Convert between the array and a compact JSON representation with run-length encoded deletions (SerializedSparseArray<T>). For example, the sparse array ["foo", "bar", , , , "X", "yy"] serializes to [["foo", "bar"], 3, ["X", "yy"]].
Iterate over present values only.
Convert between a count c and the c-th present entry.

For ordinary array tasks, SparseArray aims to have comparable memory usage and acceptable speed relative to an ordinary Array. However, indexed accesses are slower, due to internal searches.

For special cases, SparseString and SparseIndices implement the same functionality with additional optimizations:

SparseString is functionally identical to a SparseArray with single-char values, but it uses strings (e.g. "abc") instead of arrays (e.g. ["a", "b", "c"]) in its internal state and serialized form. This typically uses less memory (2x in our benchmarks) and results in smaller JSON, though with a slight cost in mutation speed. SparseString<E> can also contain embedded objects of type E (e.g., an image inline in a text document), each taking the place of one char.
SparseIndices is functionally identical to a SparseArray, except that it only stores which indices are present, not their associated values. This typically uses much less memory (4x in our benchmarks) and results in much smaller JSON.

Example Use Cases

I use this package in collaborative situations, where individual users perform actions in order, but some of these actions may be deleted/undone/not-yet-received - causing sparsity.
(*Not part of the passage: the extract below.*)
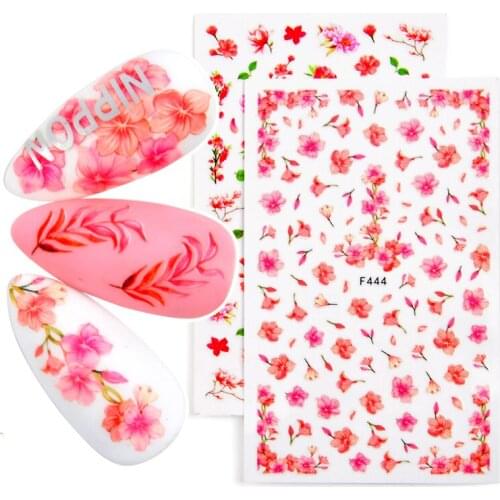 2PC/Set Nail Flower Letter Leaf Beauty Slider Bloom Colorful Plant Pattern 3D Manicure Sticker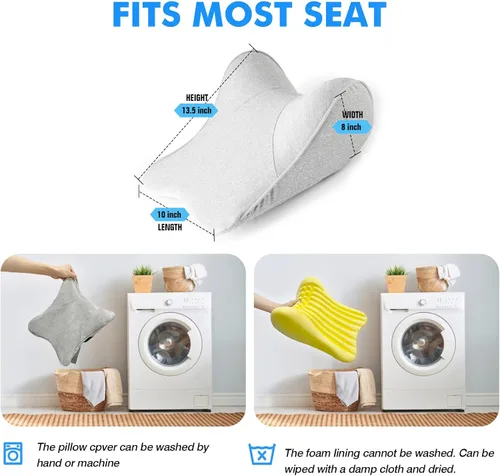Vista 28 de Almohada para el Cuello del Asiento de Coche para Conducir, Almohada de Reposacabezas de Espuma Viscoelástica Suave con Correa Ajustable y Funda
Collaborative text/list editing: Group sequential insertions by a single user into "bunches", which map a bunch ID to its sequence of values. Later, some values may be deleted, making the sequence sparse.
- This is how list-positions represents the state of a List<T>: as a Map<bunchID, SparseArray<T>>.
General collaboration or peer-to-peer networking: Track which messages you've received from another user/peer using a SparseIndices. Typically, this will be a single number ("all messages 0 through n-1"), but dropped/reverted messages could make the indices sparse.
- A Map<peerID, SparseIndices> generalizes vector clocks and provides a space-optimized alternative to dotted vector clocks, described here.

Usage

Create and mutate a sparse array:

import { SparseArray } from "sparse-array-rled";

const arr = SparseArray.new<string>();
arr.set(0, "a");
arr.set(1, "b");
arr.set(1, "c");
arr.set(4, "d");
arr.delete(0);

console.log([...arr.entries()]); // Prints [[1, 'c'], [4, 'd']]

Basic queries:

arr.get(1); // 'c'
arr.get(4); // 'd'
arr.get(0); // undefined
arr.get(10000); // undefined

arr.has(1); // true
arr.has(0); // false

// Length is the last present index + 1 (or 0 if empty).
console.log(arr.length); // Prints 5
// Note: All methods accept index arguments `>= this.length`, acting as if
// the array ends with infinitely many deleted indices (empty slots).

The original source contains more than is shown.